# What is a 35% cream?



## homemadecook (Jan 27, 2010)

I was wondering what a 35% cream is? Is there a substitute for that?


----------



## greg (Dec 8, 1999)

35% cream is also referred to as light whipping cream.


----------



## nichole (Sep 16, 2009)

See, this is what I like about this forum... you learn somthing new everytime.  I always thought whipped cream was just whipped cream... Now I know there's the light variety!


----------



## petemccracken (Sep 18, 2008)

I always hesitate to disagree, however, according to my sources:
Half and Half = 12% butterfat
Single Cream = 20% butterfat
Light Cream = 20% (range 18-30%) butterfat
Whipping Cream = 30%
Heavy Cream = 36-38% butterfat
Clotted Cream = 55-60% butterfat


----------



## missyjean (Nov 5, 2009)

If a recipe calls for heavy cream and the store sells only whipping cream can I use it?  I want to make cream biscuits but cannot find heavy cream in my area


----------



## french fries (Sep 5, 2008)

Quote:


PeteMcCracken said:


> I always hesitate to disagree, however, according to my sources:
> Half and Half = 12% butterfat
> Single Cream = 20% butterfat
> Light Cream = 20% (range 18-30%) butterfat
> ...


Whipping Cream and Light Whipping Cream are the same thing - you're not disagreeing. They can be anywhere between 30% to 36%. Above 36% and up to 42% it becomes Heavy Cream or Heavy Whipping Cream (again, same thing).


----------



## french fries (Sep 5, 2008)

Quote:


missyjean said:


> If a recipe calls for heavy cream and the store sells only whipping cream can I use it? I want to make cream biscuits but cannot find heavy cream in my area


Heavy cream is fattier than whipping cream. If possible find heavy whipping cream, or adjust your recipe for the lighter "whipping cream".


----------



## petemccracken (Sep 18, 2008)

BTW, I've seen Heavy Cream sold as Manufacturing Cream in my area, costs about $6-7 per 1/2 gallon


----------



## gerdosh (Feb 4, 2010)

PeteMcCracken said:


> I always hesitate to disagree, however, according to my sources:
> Half and Half = 12% butterfat
> Single Cream = 20% butterfat
> Light Cream = 20% (range 18-30%) butterfat
> ...


This is correct -- let me add one more item: on private dairy farms in England, butterfat in clotted cream can go up to 65% -- that's really rich. Butter has about 85% butterfat.


----------



## ishbel (Jan 5, 2007)

In the UK we have

Single cream (thin, best for adding to coffee, or to pour over a very rich dessert)
Double cream (thick)
Thick double cream (the above but 'stiffer')
Clotted cream (the best is from Cornwall)


----------



## missyjean (Nov 5, 2009)

French Fries said:


> Quote:
> 
> Heavy cream is fattier than whipping cream. If possible find heavy whipping cream, or adjust your recipe for the lighter "whipping cream".

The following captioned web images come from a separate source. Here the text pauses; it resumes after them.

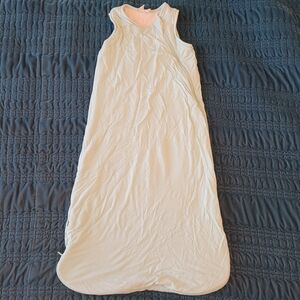 Kyte Baby Sleep Bag 6-18m Tog 1.0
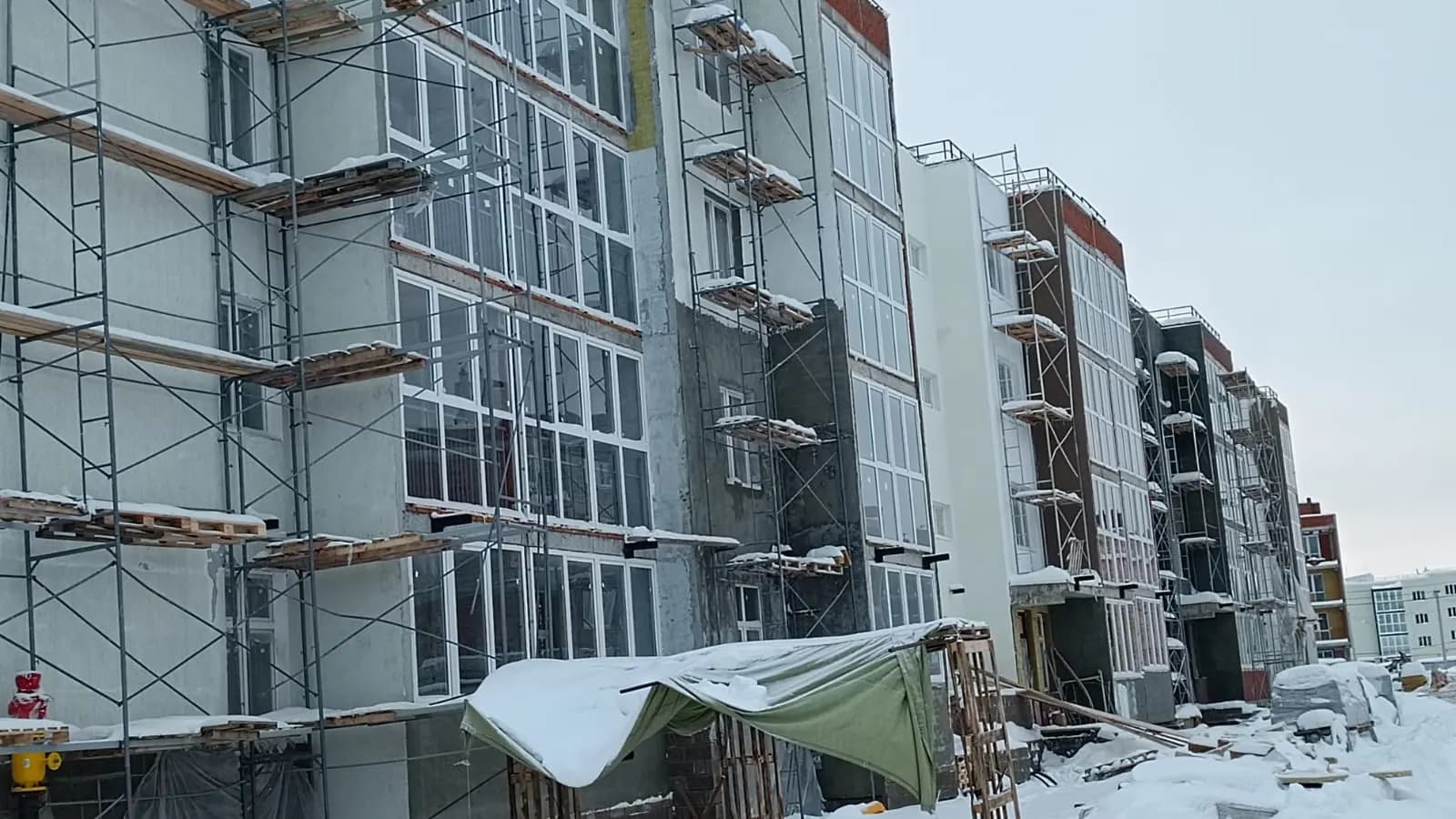 с/с Миловский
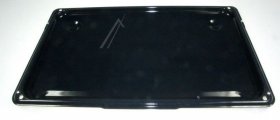 Tray - 00745943 Baking Tray [Bosch Siemens]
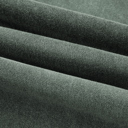  Karla Edge Wide Leg Jeans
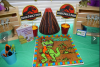 upload_2019-5-3_10-54-11.png upload_2019-5-3_10-54-11.png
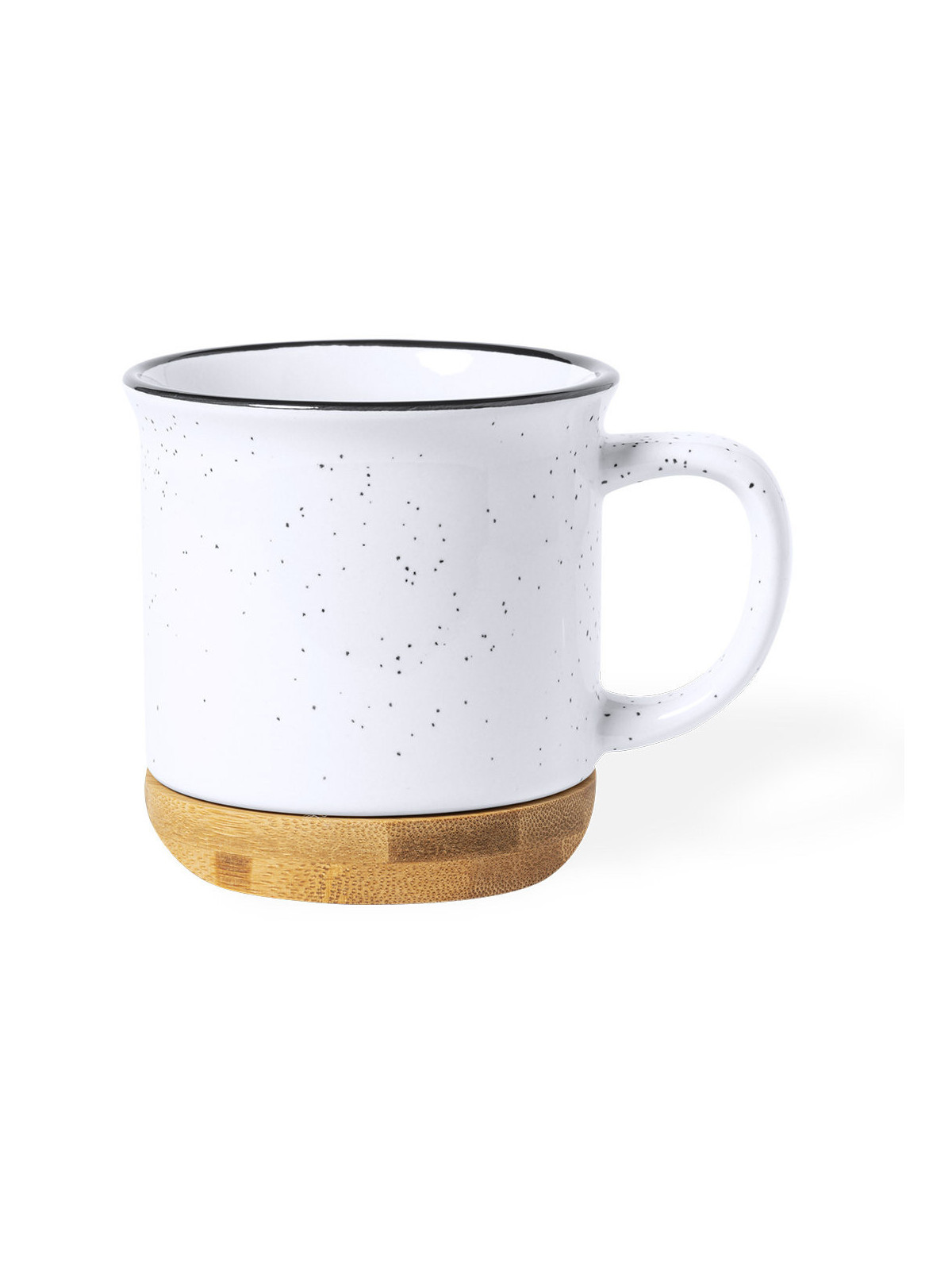 Tasse Larray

Thank you very much. I was able to find heavy whipping cream


----------



## gonefishin (Nov 6, 2004)

Hi all,

I know when I'm buying cream I look for something that's only been single pasteurized, instead of double pasteurized. To me, it has more flavor...more like a real dairy product instead of tasteless thick milk. In the U.S., Oberweis actually has a pretty good heavy cream (much better than the supermarket varieties that I've tried. Last time I bought it the price was around $10.00 for a half gallon.

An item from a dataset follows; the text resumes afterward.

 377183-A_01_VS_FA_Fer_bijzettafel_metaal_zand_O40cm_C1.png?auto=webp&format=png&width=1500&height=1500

Mmmmmmm.....clotted cream /img/vbsmilies/smilies/thumb.gif What a treat every once in a while.

dan


----------



## homemadecook (Jan 27, 2010)

Wow amazing, I didn't know it was a whipped cream. Like what nichole said, this is the first time I learned about that. Thank you for your replies..amazing


----------



## french fries (Sep 5, 2008)

HomeMadeCook said:


> Wow amazing, I didn't know it was a whipped cream. Like what nichole said, this is the first time I learned about that. Thank you for your replies..amazing


_Whipping_ cream, not _whipped_ cream. Whipped cream is whipping cream that's been whipped, so it's full of air and is used as a topping for desserts, ice creams, etc...


----------